[Exercise brief] Range to reproduce from the entries below: the line with "Hi everyone, welcome", the line with "Hello, welcome to", and every line in between. Give them exactly and give nothing else.

(Extracted material Opens)

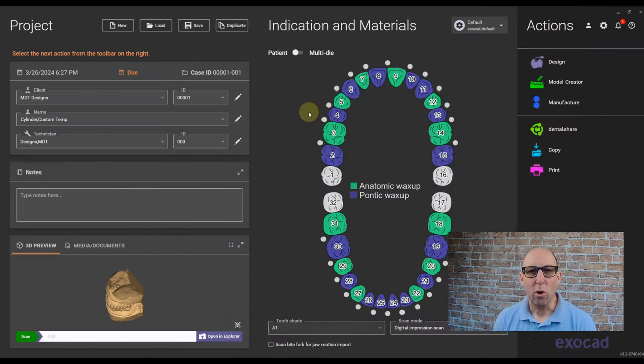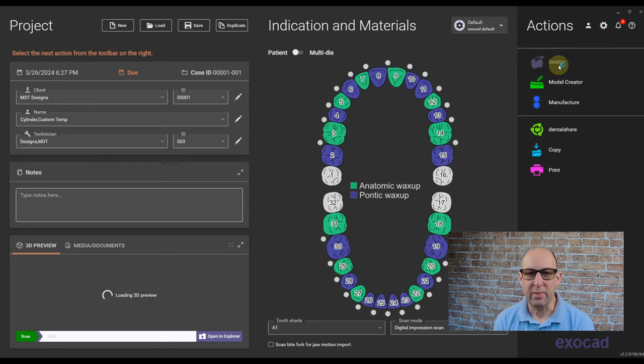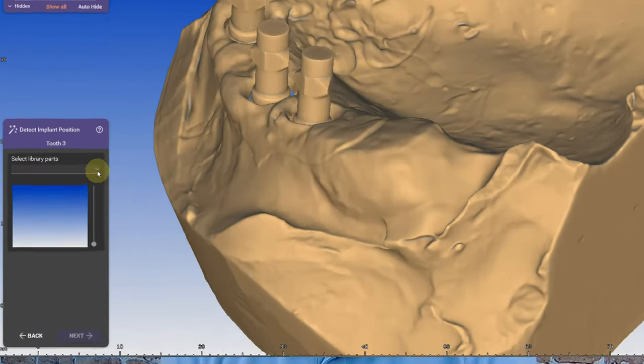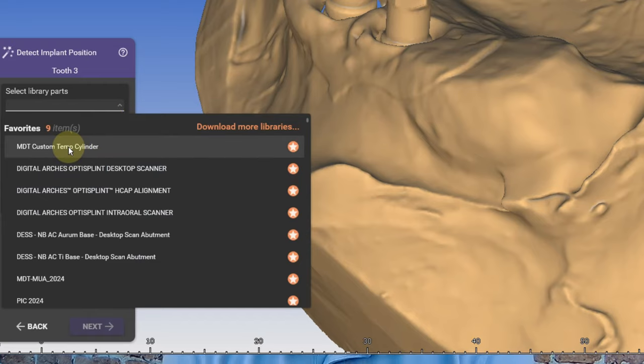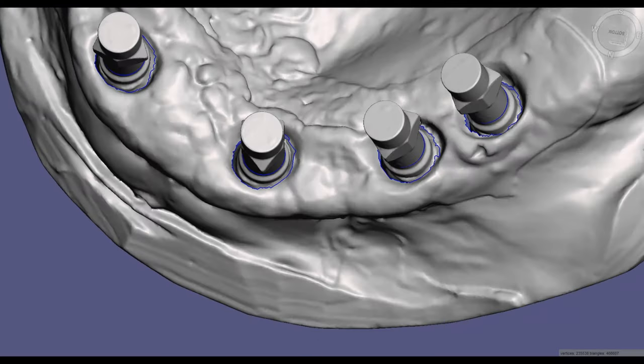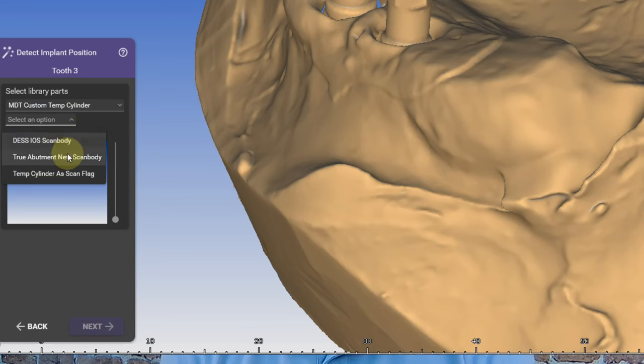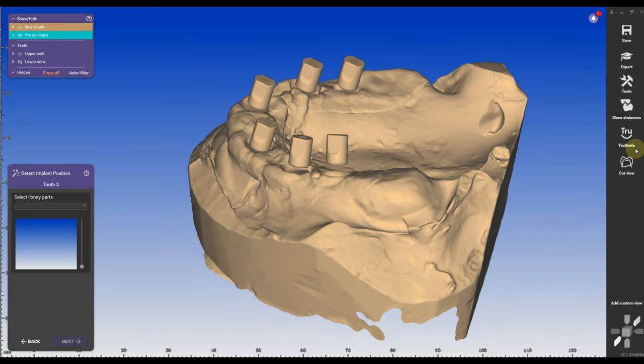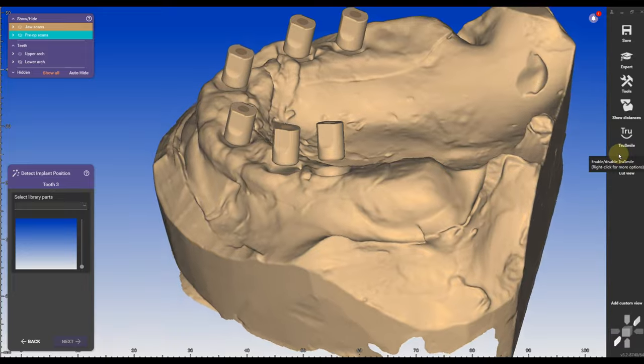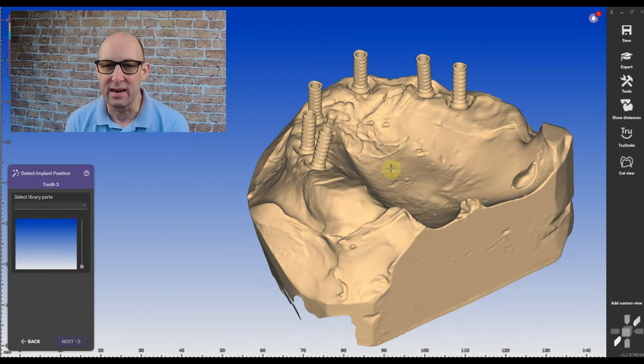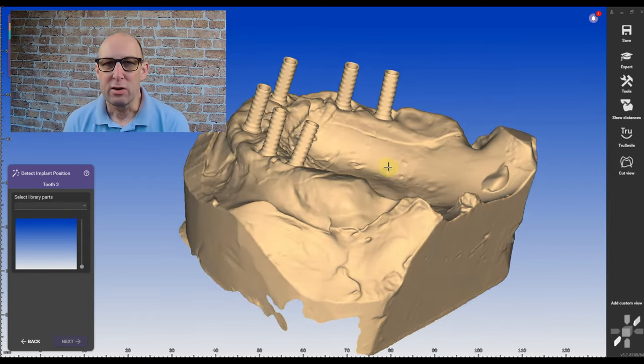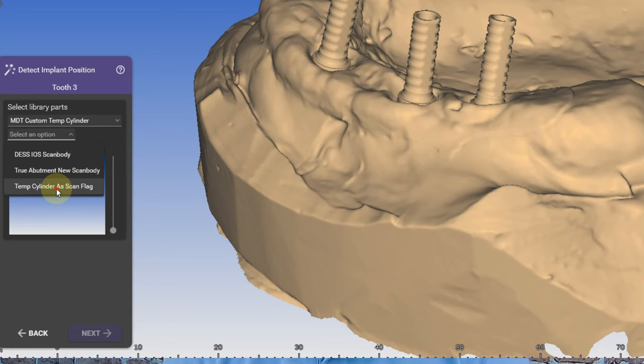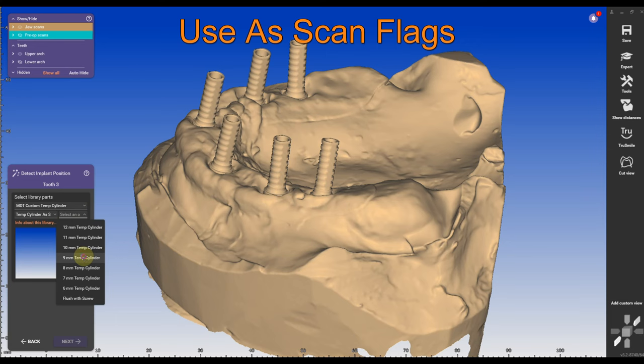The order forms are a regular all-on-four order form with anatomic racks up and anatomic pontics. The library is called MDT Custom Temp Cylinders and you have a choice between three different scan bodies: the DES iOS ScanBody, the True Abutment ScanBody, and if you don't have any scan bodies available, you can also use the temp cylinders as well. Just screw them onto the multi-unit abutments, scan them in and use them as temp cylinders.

(Extracted material Closes)
(Extracted material Opens)

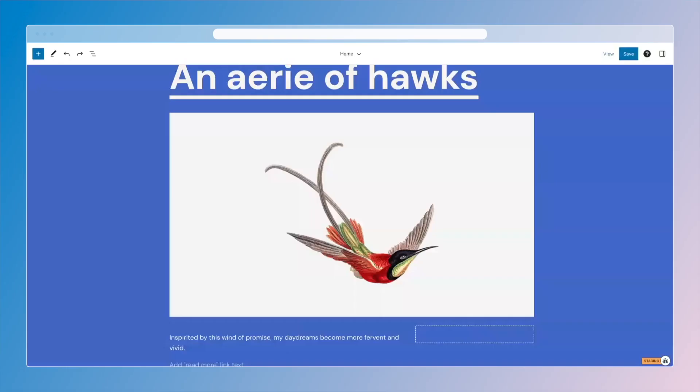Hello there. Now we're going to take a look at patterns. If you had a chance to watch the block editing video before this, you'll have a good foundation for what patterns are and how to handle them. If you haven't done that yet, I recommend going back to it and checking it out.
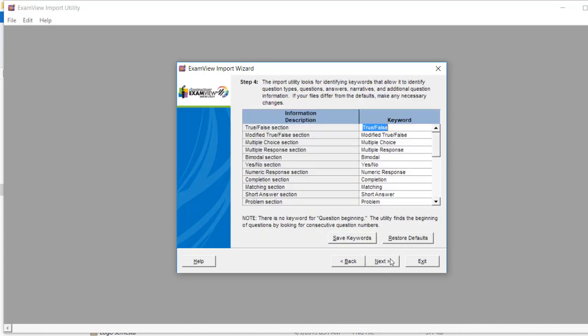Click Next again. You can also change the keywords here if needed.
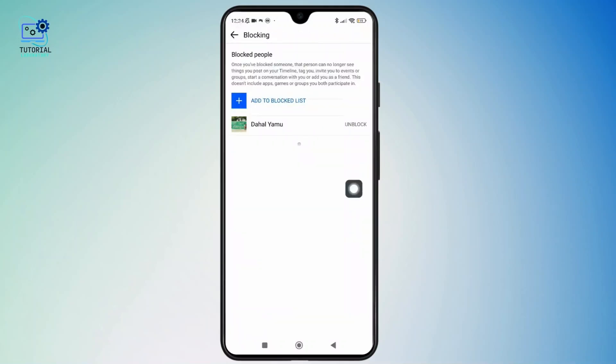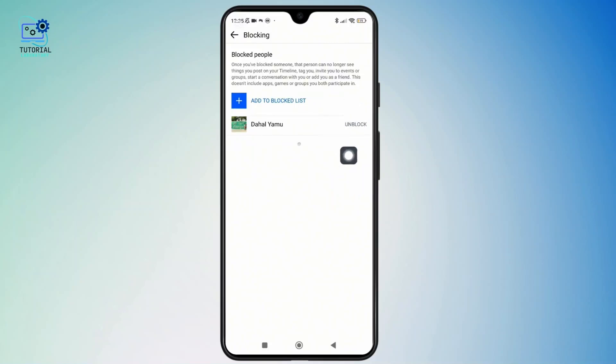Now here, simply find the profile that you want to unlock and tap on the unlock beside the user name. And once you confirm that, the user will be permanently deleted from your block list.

(Extracted material Closes)
(Extracted material Opens)

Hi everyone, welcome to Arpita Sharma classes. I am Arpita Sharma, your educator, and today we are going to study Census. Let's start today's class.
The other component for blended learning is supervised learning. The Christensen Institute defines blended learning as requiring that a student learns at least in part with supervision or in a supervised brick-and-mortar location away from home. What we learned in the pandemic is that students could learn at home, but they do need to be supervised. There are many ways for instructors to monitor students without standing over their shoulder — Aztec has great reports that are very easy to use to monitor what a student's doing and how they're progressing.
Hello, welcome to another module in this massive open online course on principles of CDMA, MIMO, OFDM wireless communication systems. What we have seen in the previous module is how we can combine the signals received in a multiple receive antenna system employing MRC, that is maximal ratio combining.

(Extracted material Closes)

[Output of the task]
Hi everyone, welcome to Arpita Sharma classes. I am Arpita Sharma, your educator, and today we are going to study Census. Let's start today's class.
The other component for blended learning is supervised learning. The Christensen Institute defines blended learning as requiring that a student learns at least in part with supervision or in a supervised brick-and-mortar location away from home. What we learned in the pandemic is that students could learn at home, but they do need to be supervised. There are many ways for instructors to monitor students without standing over their shoulder — Aztec has great reports that are very easy to use to monitor what a student's doing and how they're progressing.
Hello, welcome to another module in this massive open online course on principles of CDMA, MIMO, OFDM wireless communication systems. What we have seen in the previous module is how we can combine the signals received in a multiple receive antenna system employing MRC, that is maximal ratio combining.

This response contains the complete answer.